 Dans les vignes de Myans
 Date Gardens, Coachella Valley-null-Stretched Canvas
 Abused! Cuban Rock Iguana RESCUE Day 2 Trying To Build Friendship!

...

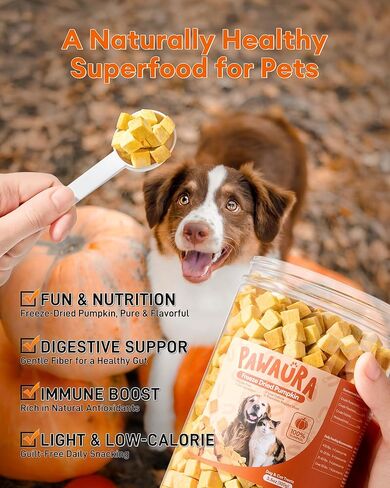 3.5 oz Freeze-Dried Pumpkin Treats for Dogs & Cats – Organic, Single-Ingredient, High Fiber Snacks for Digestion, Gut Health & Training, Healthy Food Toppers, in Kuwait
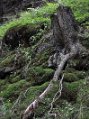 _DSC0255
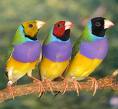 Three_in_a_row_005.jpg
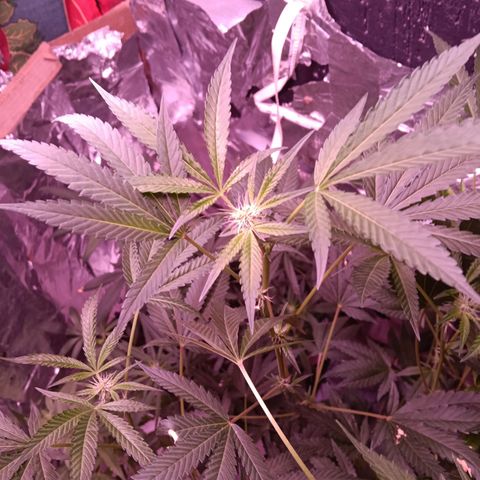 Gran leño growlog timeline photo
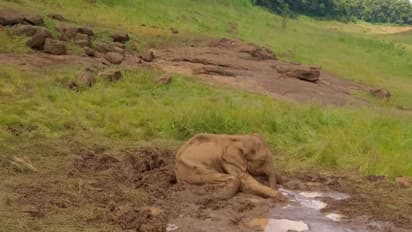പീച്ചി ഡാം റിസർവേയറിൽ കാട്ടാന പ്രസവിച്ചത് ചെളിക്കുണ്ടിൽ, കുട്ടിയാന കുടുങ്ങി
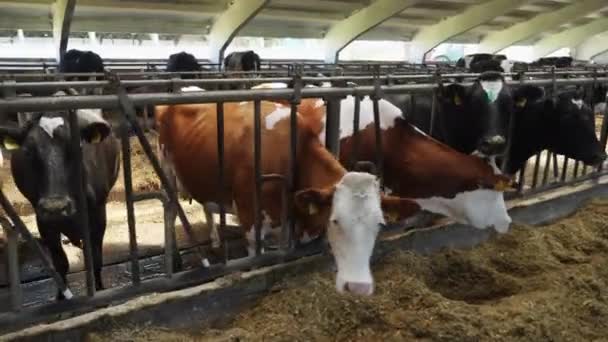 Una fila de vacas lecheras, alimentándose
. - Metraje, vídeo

=== TASK TO COMPLETE ===
Among the entries above, locate the line with "3.5 oz Freeze-Dried" and the line with "- Metraje, vídeo". Give those two lines and all lines between them again, exactly, leaving out the pictures.

=== REPLY TO THE TASK ===
 3.5 oz Freeze-Dried Pumpkin Treats for Dogs & Cats – Organic, Single-Ingredient, High Fiber Snacks for Digestion, Gut Health & Training, Healthy Food Toppers, in Kuwait
 _DSC0255
 Three_in_a_row_005.jpg
 Gran leño growlog timeline photo
പീച്ചി ഡാം റിസർവേയറിൽ കാട്ടാന പ്രസവിച്ചത് ചെളിക്കുണ്ടിൽ, കുട്ടിയാന കുടുങ്ങി
 Una fila de vacas lecheras, alimentándose
. - Metraje, vídeo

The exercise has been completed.